BROWN
v.
THE STATE.
50641.
Court of Appeals of Georgia.
Argued April 30, 1975. Decided May 9, 1975.Robert J. Erb, for appellant.
Andrew J. Ryan, Jr., District Attorney, for appellee.
EVANS, Judge.
The D. A. was ready His case was red-hot. Defendant was present, His witness was not.[1]*772 He prayed one day's delay From His honor the judge. But his plea was not granted The Court would not budge.[2]So the jury was empaneled All twelve good and true But without his main witness What could the twelve do?[3]The jury went out To consider his case And then they returned The defendant to face. "What verdict, Mr. Foreman?" The learned judge inquired. "Guilty, your honor." On Brown's face no smile. "Stand up" said the judge, Then quickly announced "Seven years at hard labor" Thus his sentence pronounced. *773 "This trial was not fair," The defendant then sobbed. "With my main witness absent I've simply been robbed." "I want a new trial State has not fairly won." "New trial denied," Said Judge Dunbar Harrison. "If you still say I'm wrong," The able judge did then say "Why not appeal to Atlanta? Let those Appeals Judges earn part of their pay." "I will appeal, sir" Which he proceeded to do "They can't treat me worse Than I've been treated by you." So the case has reached us And now we must decide Was the guilty verdict legal Or should we set it aside? Justice and fairness Must prevail at all times; This is ably discussed In a case without rhyme.[4]The law of this State Does guard every right Of those charged with crime Fairness always in sight. *774 To continue civil cases The judge holds all aces. But it's a different ball-game In criminal cases.[5]Was one day's delay Too much to expect? Could the State refuse it With all due respect? Did Justice applaud Or shed bitter tears When this news from Savannah First fell on her ears? We've considered this case Through the night through the day.
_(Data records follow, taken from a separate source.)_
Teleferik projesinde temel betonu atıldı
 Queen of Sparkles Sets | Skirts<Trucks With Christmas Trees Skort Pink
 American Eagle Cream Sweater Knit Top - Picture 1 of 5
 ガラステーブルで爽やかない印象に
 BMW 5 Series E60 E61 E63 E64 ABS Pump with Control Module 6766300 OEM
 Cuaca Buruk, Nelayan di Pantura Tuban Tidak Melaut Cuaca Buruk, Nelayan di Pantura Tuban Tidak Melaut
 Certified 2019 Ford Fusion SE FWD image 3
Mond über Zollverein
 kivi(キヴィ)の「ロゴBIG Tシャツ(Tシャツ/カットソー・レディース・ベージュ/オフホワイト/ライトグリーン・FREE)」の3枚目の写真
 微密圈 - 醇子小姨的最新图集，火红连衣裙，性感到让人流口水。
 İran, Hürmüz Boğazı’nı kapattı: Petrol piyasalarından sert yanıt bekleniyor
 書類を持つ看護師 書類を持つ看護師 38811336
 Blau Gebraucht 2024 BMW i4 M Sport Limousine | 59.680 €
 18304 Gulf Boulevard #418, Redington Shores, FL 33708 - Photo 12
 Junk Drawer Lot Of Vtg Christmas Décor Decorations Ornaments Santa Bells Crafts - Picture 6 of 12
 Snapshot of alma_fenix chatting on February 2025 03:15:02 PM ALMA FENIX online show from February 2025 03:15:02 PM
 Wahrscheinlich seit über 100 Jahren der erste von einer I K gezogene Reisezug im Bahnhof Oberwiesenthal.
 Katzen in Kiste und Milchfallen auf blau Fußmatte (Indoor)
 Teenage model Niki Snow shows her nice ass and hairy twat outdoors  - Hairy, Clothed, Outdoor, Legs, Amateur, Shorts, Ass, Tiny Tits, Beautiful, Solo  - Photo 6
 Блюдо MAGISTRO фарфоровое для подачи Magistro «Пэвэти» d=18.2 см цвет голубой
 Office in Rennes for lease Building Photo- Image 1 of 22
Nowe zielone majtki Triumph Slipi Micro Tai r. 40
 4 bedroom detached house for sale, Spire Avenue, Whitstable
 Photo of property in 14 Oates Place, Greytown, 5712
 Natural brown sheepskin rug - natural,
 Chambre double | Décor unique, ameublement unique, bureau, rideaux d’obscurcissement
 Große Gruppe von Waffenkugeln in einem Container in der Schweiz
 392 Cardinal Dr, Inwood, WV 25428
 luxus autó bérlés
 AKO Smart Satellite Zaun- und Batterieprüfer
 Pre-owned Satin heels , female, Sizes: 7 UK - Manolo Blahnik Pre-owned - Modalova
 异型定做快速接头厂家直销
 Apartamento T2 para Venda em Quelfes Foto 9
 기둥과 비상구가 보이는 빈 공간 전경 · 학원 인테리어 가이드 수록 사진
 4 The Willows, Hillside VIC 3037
As Judge Harrison said, "We must earn our poor pay." This case was once tried But should now be rehearsed And tried one more time. This case is reversed!Judgment reversed. Deen, P. J., and Stolz, J., concur.
NOTES
[1] See Wheat v. Fraker, 107 Ga. App. 318 (130 SE2d 251), for precedent in writing an opinion in rhyme.
[2] I profoundly apologize to Judge Sol Clark, of this court, for invading the field of innovation and departure from normalcy in writing opinions; especially in the copious use of footnotes.
[3] This opinion is placed in rhyme because approximately one year ago, in Savannah at a very convivial celebration, the distinguished Judge Dunbar Harrison, Senior Judge of Chatham Superior Courts, arose and addressed those assembled, and demanded that if Judge Randall Evans, Jr. ever again was so presumptious as to reverse one of his decisions, that the opinion be written in poetry. I readily admit I am unable to comply, because I am not a poet, and the language used, at best, is mere doggerel. I have done my best, but my limited ability just did not permit the writing of a great poem. It was no easy task to write the opinion in rhyme.
[4] See Murphy v. State, 132 Ga. App. 654-658 (209 SE2d 101), wherein a well-written and well-reasoned opinion discusses the reasons why a denial of motion to continue in a criminal case was erroneous and subject to reversal.
[5] See Hobbs v. State, 8 Ga. App. 53, 54 (68 SE 515), where it is demonstrated that a motion to continue in a criminal case must not be judged with the same meticulous severity as in civil cases.